Records shown:

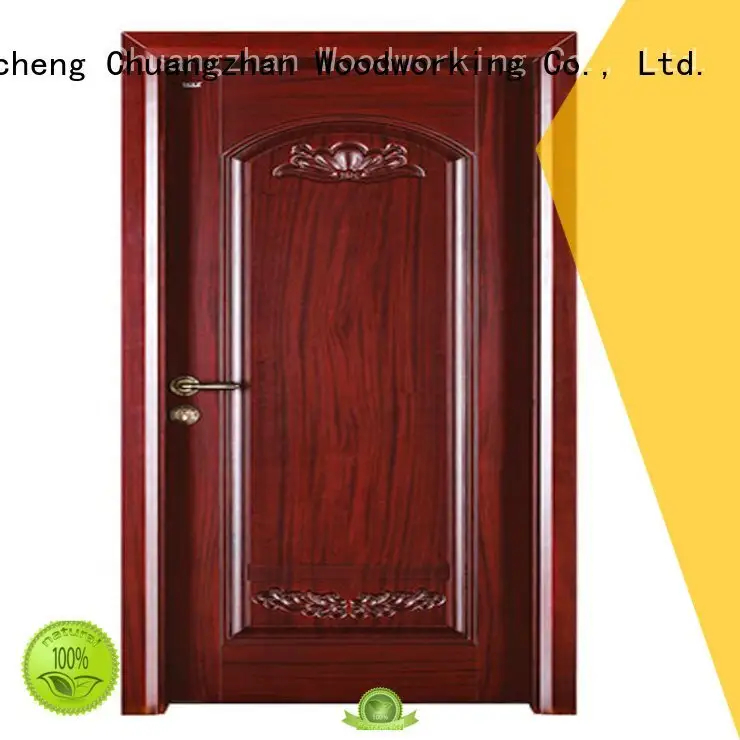 wooden door OEM interior wooden door with solid wood 1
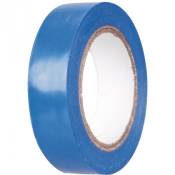 Ruban adhésif isolant bleu - 15 mm - 10 m - Dhome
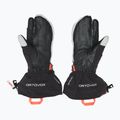 Skihandschuhe Damen ORTOVOX Merino Freeride 3 Finger black raven 2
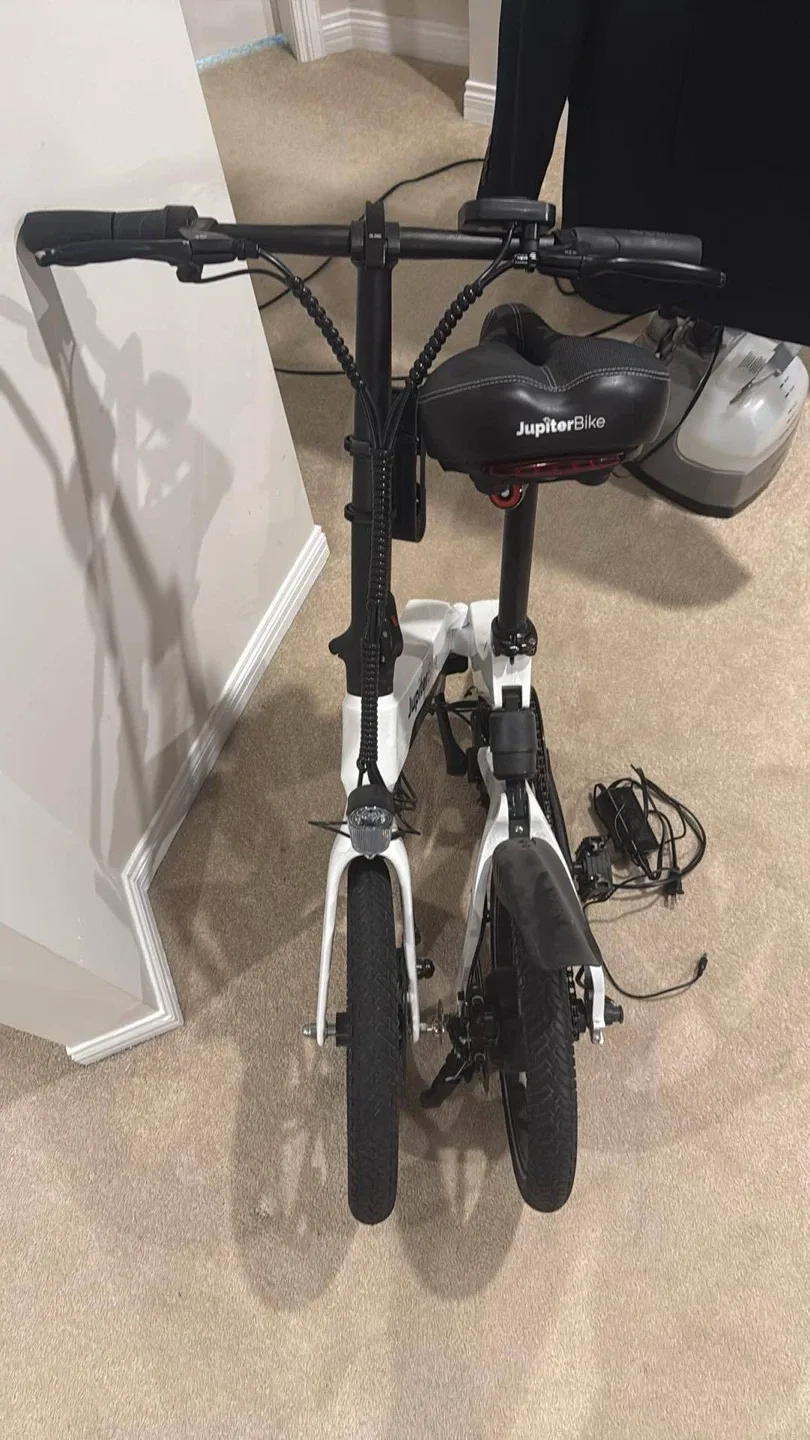 JupiterBike Folding Electric Bike - White image indicator(6)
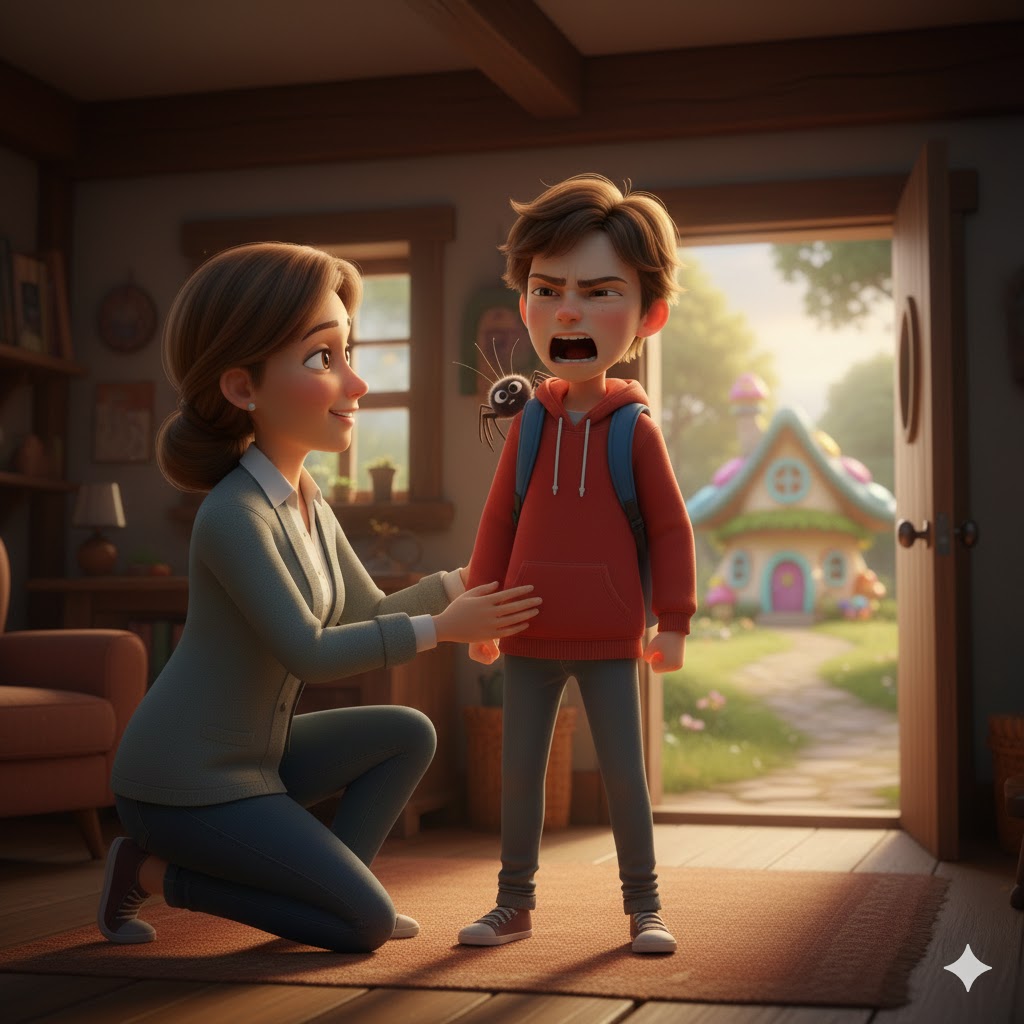 Voici Théo mon personnage clef de 7 ans. Il sera le guide de vos enfants. 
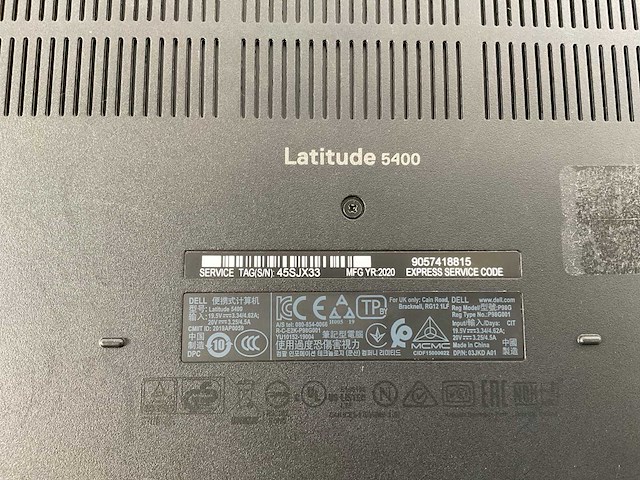 Dell latitude 5400 14”, core(tm) i7 8th gen, 16 gb ram, 512 gb nvme laptops (3x) - afbeelding 7 van  22
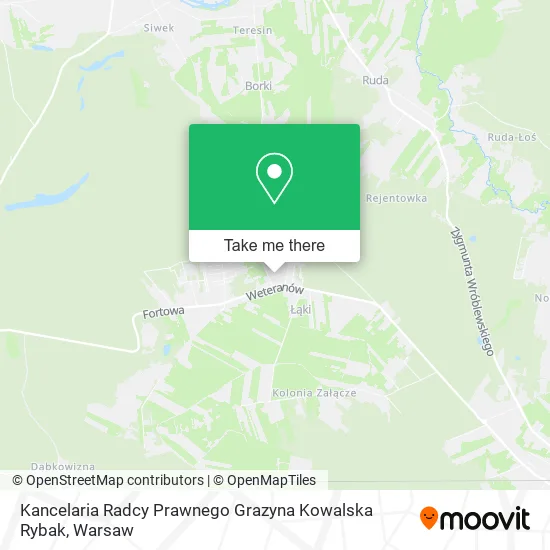 Kancelaria Radcy Prawnego Grazyna Kowalska Rybak map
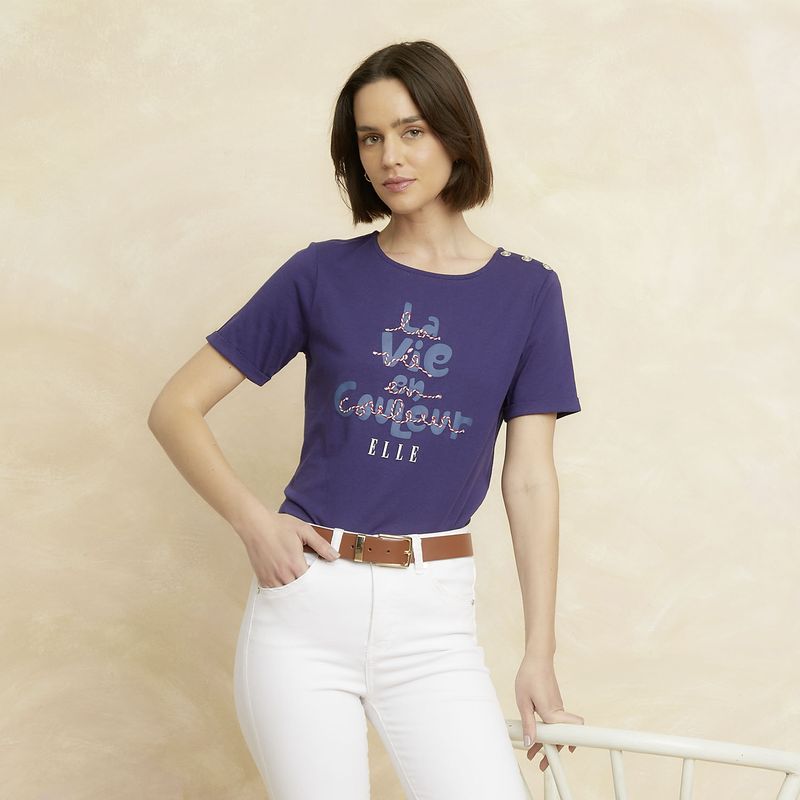 ELLE - Polera Algodón Mujer Elle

The problem: Restate each entry word for word, please, but drop any images it holds.

Exercise solution:
 wooden door OEM interior wooden door with solid wood 1
 Ruban adhésif isolant bleu - 15 mm - 10 m - Dhome
 Skihandschuhe Damen ORTOVOX Merino Freeride 3 Finger black raven 2
 JupiterBike Folding Electric Bike - White image indicator(6)
 Voici Théo mon personnage clef de 7 ans. Il sera le guide de vos enfants. 
 Dell latitude 5400 14”, core(tm) i7 8th gen, 16 gb ram, 512 gb nvme laptops (3x) - afbeelding 7 van  22
 Kancelaria Radcy Prawnego Grazyna Kowalska Rybak map
 ELLE - Polera Algodón Mujer Elle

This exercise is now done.